Tools, Tech, and Security to Apply in a Machine Learning Startup
Based on an interview with Nicolas Joseph, Vice President of Engineering at Datalogue Inc.
Nicolas leads a Machine Learning startup Datalogue, which is building a platform to allow big enterprises to clean up their data automatically. He formerly worked in computer security at the Department of Defense in France and has had experience establishing his own company before. In our previous article, we talked a lot about teams, people, and collaboration. This post is devoted to the technical side of what Nicolas does as the CTO.
Machine learning at the core
According to Nicolas, the core technology behind Datalogue is the capacity to train a neural network at scale with their infrastructure on customer data for them to be able to use personal neural networks for their data to understand them better.
“We have a very generalizable architecture that we put on our platform and that we are able to train on different types of data and specialize, depending on the use cases that our customers have.”
Nicolas says they are doing NLP for their customers, either CNN or RNN, depending on the task.

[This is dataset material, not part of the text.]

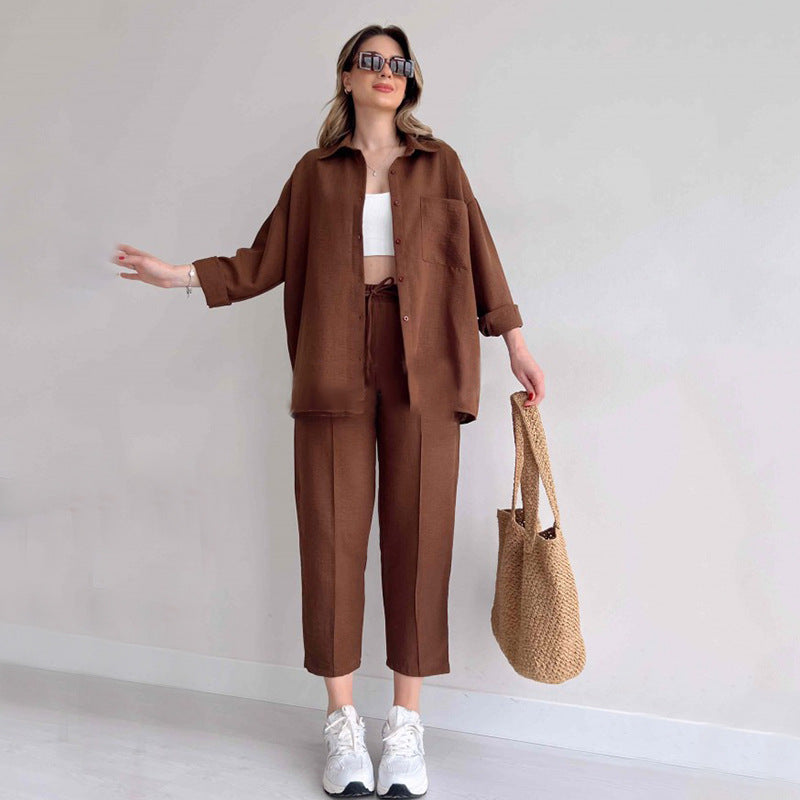Levoire | Ensemble Chemise Et Pantalon Braun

Their system has an internal streaming engine and inference, and the combination of these two makes it able to work on data at scale. To make sure that their software runs well on the hardware, Nicolas and his team partner closely with media and some global companies such as Dell and HP. Such collaboration allows them to optimize the bandwidth to ensure maximum performance. In point of fact, they managed to drive extremely good results in this field:
“Machine learning model is actually much faster than a human. One of our customers reported to us that our model spotted 30 percent more accurate than humans.”
Tools to enhance workflows
Among the tools that Nicolas and his team prefer, some are well known and others a bit rare but still quite useful. One of the latter, Clubhouse, is a story tracking system. Nicolas likes that it gives him the burndown charts on epics and an ability to define one’s own milestone.

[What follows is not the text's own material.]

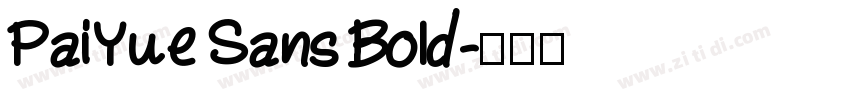 PaiYue Sans Bold字体转换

“It gives you a prediction based on your private burndown chart like when you will be done with a milestone. It’s a really nice tool. Before that, we were using GitHub issues, but because of the distributed nature of the project, aggregating everything into a central thing was much better.”
One of tech leaders’ responsibilities is to review the code written by their colleagues. For that purpose, Datalogue uses GitHub. However, Nicolas doesn’t like the GitHub review page. In his opinion, it’s not the best way to do code reviews because there’s a lack of context awareness.

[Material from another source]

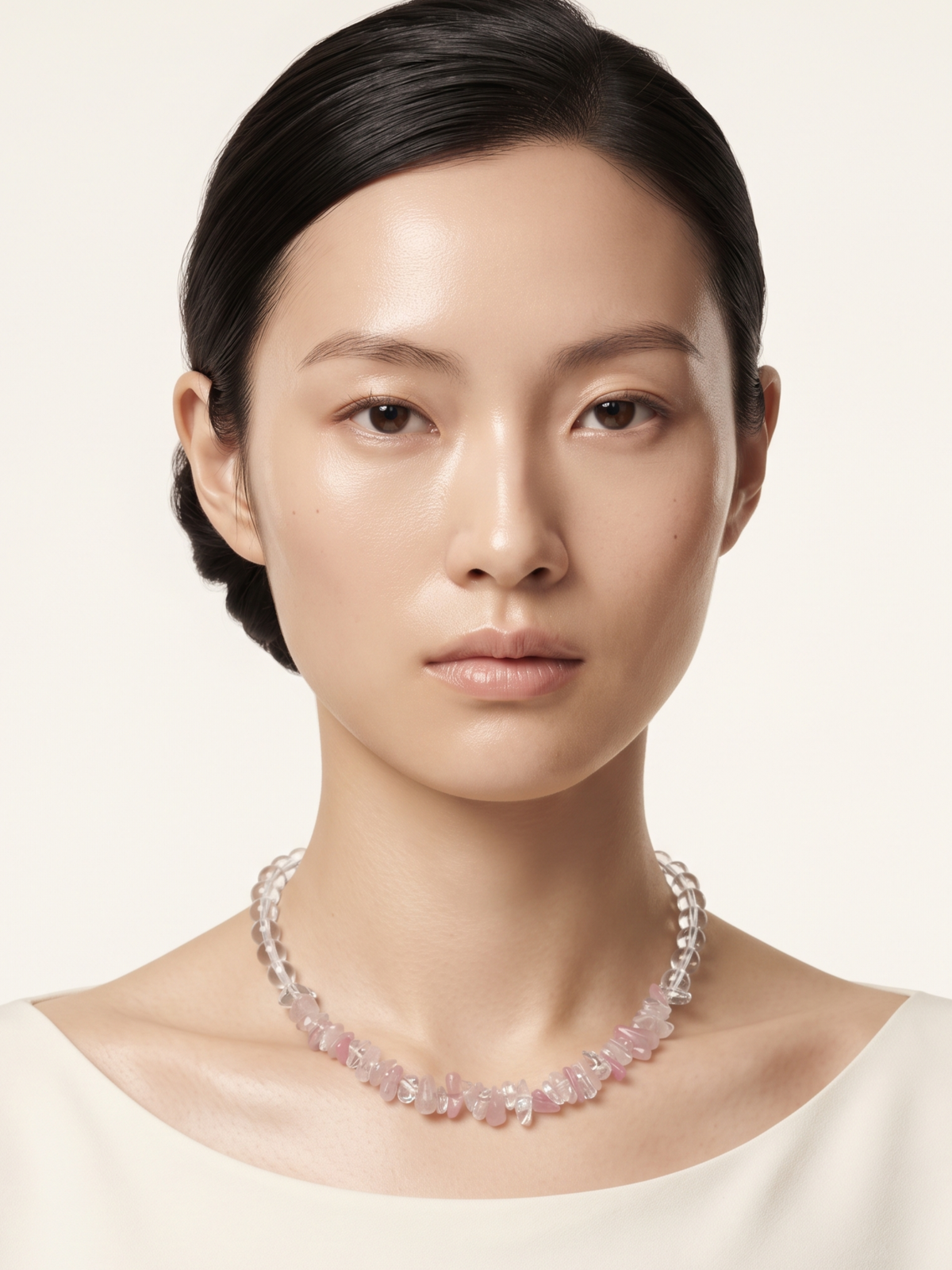 PINK CHIP BEAD NECKLACE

“You don’t really know how people organize the code, for example, in terms of directories. It removes some context you can click through on, like functions or definitions to actually know what’s happening.”
One of the tools that Nicolas wishes was out there is an intelligent one for code reviews that has powerful features like being able to click through the code and comment on it. Such a tool could have made his life much easier, Nicolas admits. Also, he wouldn’t mind using a tool with automated code review capabilities.
“Computers need to be able to write code to be able to review code properly; we’re not there yet. So, until that’s the case, I think we still need humans to do it.”
The gold standard of security
Nicolas has a rich experience in ensuring security, as his previous job was at the Department of Defense in France. Every time there’s something sensitive, Nicolas and his team try to be proactive and think about how someone could take advantage of it. In terms of the culture, he says, one should always refer to the standards.
“‘Hey, we have a problem. We’re not the first one to have that problem.’ Don’t ship your own cryptography thing; that’s the worst idea ever. Just look for like prebuilt modules, how people have solved this problem before, and just apply the solution. I’ve never faced a security problem that hasn’t been solved by someone else before.”
The other side of the coin is compliance. So, Datalogue start talking about security and the clients’ own requirements at the sales stage. What they’re doing is both negotiating with security reps on some security aspects and integrating as they see more and more questionnaires and more and more security requirements.
For ensuring security, Datalogue uses password encryption, open ID authentication integration, CRF protections, and personal identification tokens for users for when they use SDKs—as well as https, SSL, encryption in transit, and other must-haves for security. Additionally, shipping their product on premises puts Nicolas and his company in a very privileged position because their product is usually protected by security measures that their customers have because it sits behind their firewall on the infrastructure.
“In my mind, another important part is how you ingrain security in the company. We’ve enacted a company password manager. We ask people or everyone to use 2FA on all the services they use for the company. Making that effort and setting those policies in place is a way for people to really be cognizant about this and feel and think about security every day.”